What to do: Under this line are records; the part from the line containing "Bohs battle back" through the line containing "16284036 - Property Image 3" should be repeated exactly. Please exclude pictures.

Source data:
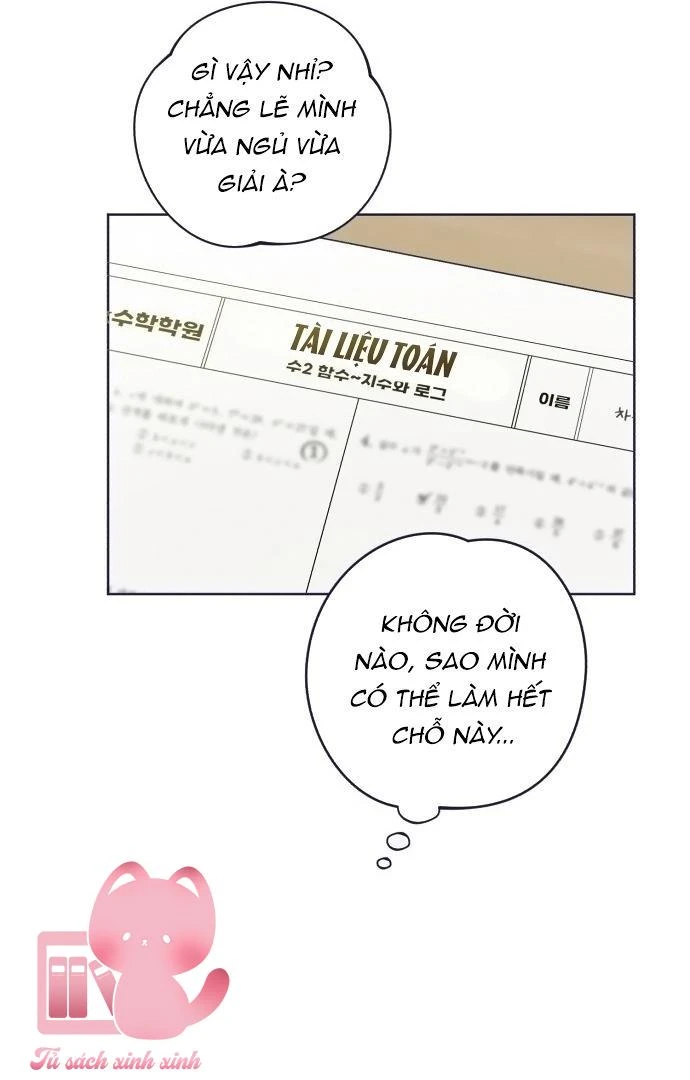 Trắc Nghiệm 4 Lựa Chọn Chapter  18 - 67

...

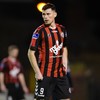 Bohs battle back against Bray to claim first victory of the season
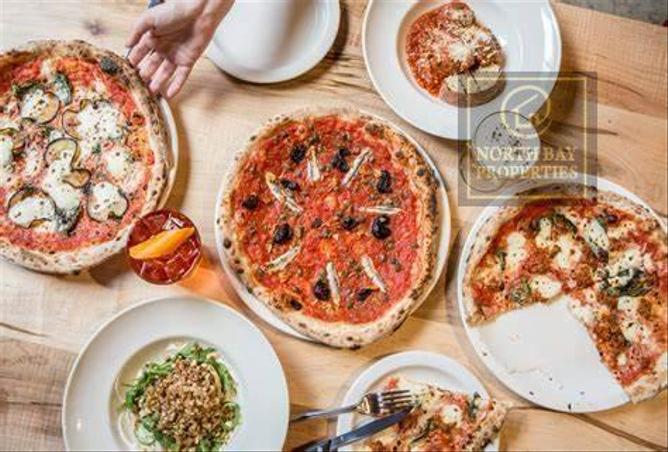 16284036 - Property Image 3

---

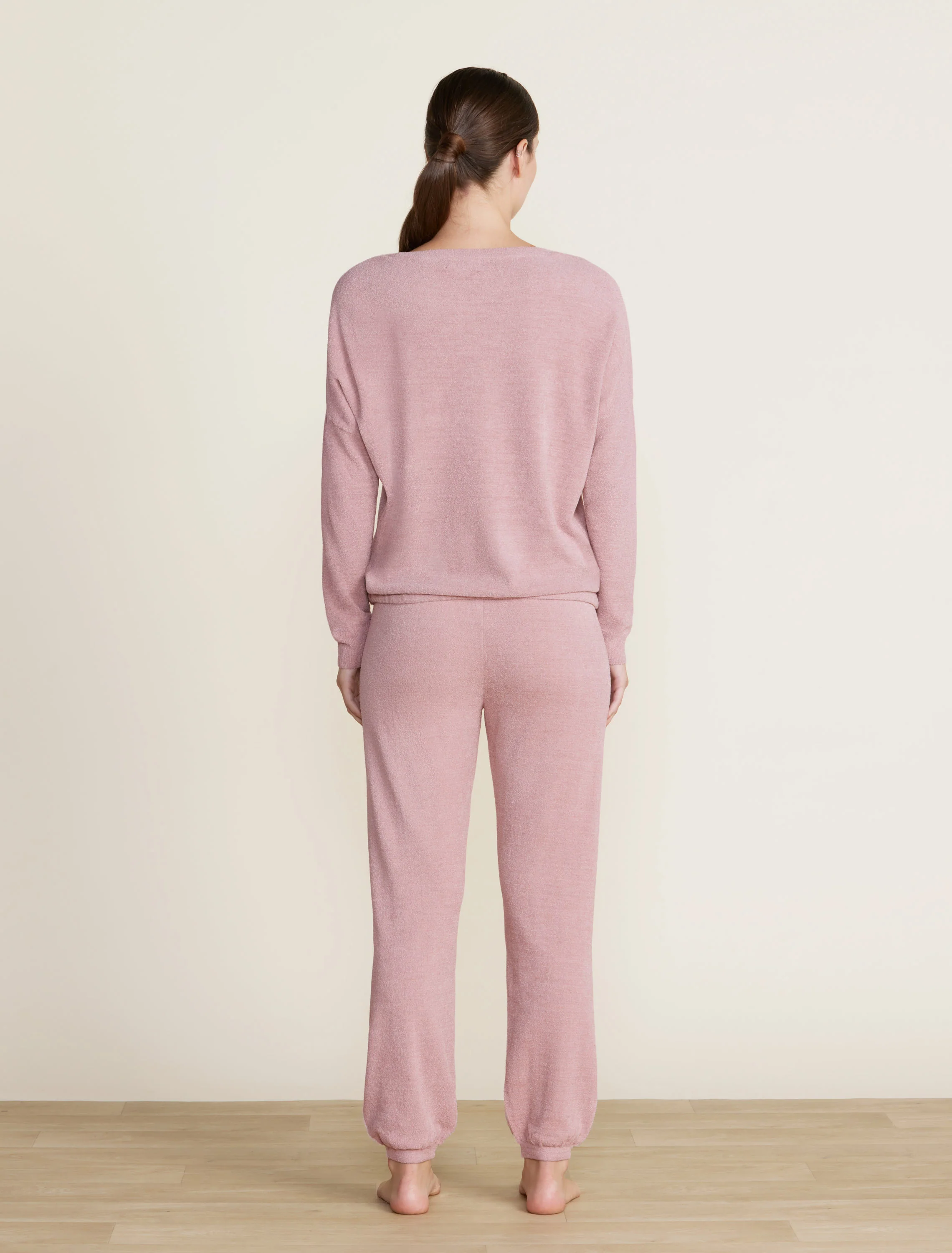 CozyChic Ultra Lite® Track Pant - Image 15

Solution to this problem:
 Bohs battle back against Bray to claim first victory of the season
 16284036 - Property Image 3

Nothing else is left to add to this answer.